Figures 5 through 8 show partial diagrams used in the KoppeInetwerk Processes carried out according to FIG. 3 illustrate

FIG. 9 shows an alternative to the structure of the address sources according to FIG.

First, the block diagram of the circuits is based on Fig.l of a switching network in which the present invention can be applied.

The network includes incoming multiple groups GE1 to GEn. Each of these multiple groups corresponds to an outgoing multiple group GSl to GSn. These multiple groups have, for example, 256 time channels on, each time channel lasts about 500 ns. The time channels are designated with t0 to t255. The repetition period of the time channels is 125 / Js. It is assumed that the VjeLfachgruppen are synchronous, this means that the time channels t0 to t255 occur simultaneously in all groups.

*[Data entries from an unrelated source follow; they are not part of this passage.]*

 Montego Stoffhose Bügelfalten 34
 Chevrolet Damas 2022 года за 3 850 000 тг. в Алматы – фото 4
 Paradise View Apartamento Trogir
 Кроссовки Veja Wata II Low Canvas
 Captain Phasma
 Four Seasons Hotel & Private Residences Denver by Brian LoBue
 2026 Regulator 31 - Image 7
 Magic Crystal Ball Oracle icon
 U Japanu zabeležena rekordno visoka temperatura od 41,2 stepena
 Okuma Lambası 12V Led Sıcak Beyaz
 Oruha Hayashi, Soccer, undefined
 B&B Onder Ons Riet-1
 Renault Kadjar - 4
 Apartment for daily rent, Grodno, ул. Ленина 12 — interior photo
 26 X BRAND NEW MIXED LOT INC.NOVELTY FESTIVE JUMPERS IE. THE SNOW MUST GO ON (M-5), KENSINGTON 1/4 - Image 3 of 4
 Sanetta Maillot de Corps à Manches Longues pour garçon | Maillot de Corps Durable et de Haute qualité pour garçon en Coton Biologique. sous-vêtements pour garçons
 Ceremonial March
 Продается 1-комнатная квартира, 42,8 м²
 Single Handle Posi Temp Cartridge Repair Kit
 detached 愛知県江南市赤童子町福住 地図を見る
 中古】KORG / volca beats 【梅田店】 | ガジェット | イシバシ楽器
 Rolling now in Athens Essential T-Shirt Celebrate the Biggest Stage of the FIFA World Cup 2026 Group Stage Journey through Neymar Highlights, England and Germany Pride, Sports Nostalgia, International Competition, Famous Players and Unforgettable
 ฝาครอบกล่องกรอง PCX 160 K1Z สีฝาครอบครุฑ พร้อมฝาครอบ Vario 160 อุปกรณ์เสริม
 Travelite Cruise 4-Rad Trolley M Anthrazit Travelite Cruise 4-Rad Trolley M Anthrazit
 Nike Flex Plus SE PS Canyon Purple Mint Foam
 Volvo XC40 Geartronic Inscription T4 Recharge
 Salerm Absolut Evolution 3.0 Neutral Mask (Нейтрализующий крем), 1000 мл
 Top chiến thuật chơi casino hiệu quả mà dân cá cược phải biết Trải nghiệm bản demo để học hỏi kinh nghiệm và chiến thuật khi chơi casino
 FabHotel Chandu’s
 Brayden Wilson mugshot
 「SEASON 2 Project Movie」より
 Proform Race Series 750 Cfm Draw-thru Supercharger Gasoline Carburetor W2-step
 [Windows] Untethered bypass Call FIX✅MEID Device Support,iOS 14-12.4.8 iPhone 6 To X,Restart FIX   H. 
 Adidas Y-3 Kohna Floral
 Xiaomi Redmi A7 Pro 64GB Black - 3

Several coupling units are formed to establish connections. The first coupling unit comprises a path memory MTI, a voice memory MPl, an incoming group coupler CEl and an outgoing group coupler CSl. It is also shown a coupling unit with the ordinal number m, a path memory MTm, a voice memory MPm and the Includes coupler CEm and CSm.

The path memory MTI is a memory with 256 cells that read cyclically synchronously with the time channels. Each cell can have the address of a cell of the voice mailbox and one Record multiple group number.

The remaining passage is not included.